There are many multi-factor authentication systems available, ranging from physical tokens to smartphone apps. The best ones force you to identify yourself in real-time using a method that doesn’t go over the same network as the application itself.
For example, some multi-factor systems ask you to enter a number displayed on an app or on a physical fob. Some will send you a challenge of some kind to your smartphone and require that you respond appropriately. The idea is that, if somebody knows your password, they won’t have access to your fob or your smartphone, so they can’t supply the second authentication factor and they can’t get access.
Note that, while it’s often useful to have a smartphone app as part of the multi-factor authentication process, it’s important that the communication method with that smartphone is secure. Text messages, in particular, aren’t secure and should be avoided as an authentication method.
You might need to work with your cloud service providers to find a multi-factor authentication system that’s common to all of your systems. This will make life much easier for your users.
One final consideration to note on multi-factor authentication: Some smartphone app-based authentication models send an alert to the phone and ask the user to acknowledge that whatever access being requested is legitimate. If you use this model, make sure it includes specifically what access has been requested and from where in the alert information. This way the user can hopefully avoid being tricked into confirming access to an unknown external person who has guessed their primary password.

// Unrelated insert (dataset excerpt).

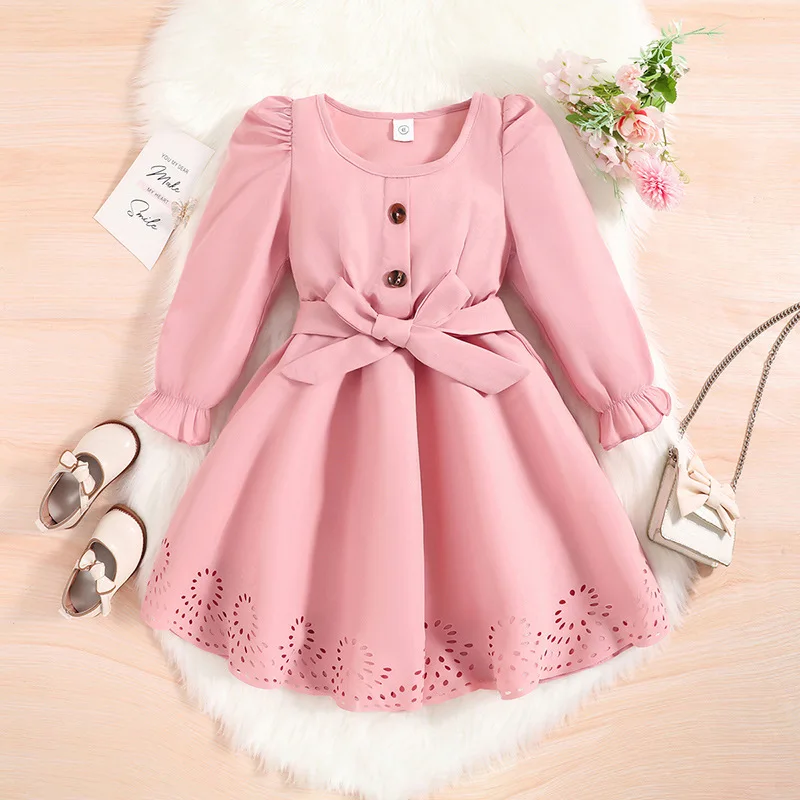 

Новинка 2023, зимнее платье для девочек с длинным рукавом, круглым вырезом и поясом, розовое милое дизайнерское платье принцессы для девочек, платье 12M-5T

Zero-trust doesn’t solve everything
Zero-trust is a good thing and a good idea, but it doesn’t solve all of your security problems. You can still get malware. Your software-as-a-service provider can still be compromised by a clever attacker who’s aware of flaws in the system. And there’s also the possibility of a denial of service attack that simply makes you unable to reach your systems or your data.
The most prevalent example from the last several years is ransomware. A tiny piece of malware runs on a user’s computer and automatically assumes all of that user’s access rights, including the ability to modify files. If those files are on the central corporate file server, they could cause extensive damage.
We shouldn’t be trusting the user’s computer, we should only be trusting the user. But there really isn’t an easy way to tell the difference between malware running under a user’s account and legitimate software running under that same user’s account. Imposing a finer grained authentication model in which the user has to authenticate every individual action is unworkable because they’d have to constantly authenticate themselves. (Yes, I really meant to do that. Click. And again. Click.) And then a piece of malware could sneak itself into the endless series of authentication requests and trick the user into supplying authentication credentials for a malicious action.
So zero-trust is not able to solve all of the world’s security problems. You still need to have backups to restore the encrypted files. And you need to have ways to detect malware on the endpoint. And you need to have ways to intercept command and control traffic. And so forth.
But the good news is that many of the cloud services will also help to solve some of these other problems. If you’re using Microsoft Office 365 or Google Office, then ransomware is largely defeated by the fact that these services keep extensive backups. Once you disconnect the system corrupting your data, the service can quickly restore all of your files. And these services are also extremely responsive to patching security vulnerabilities and detecting and defeating direct attacks.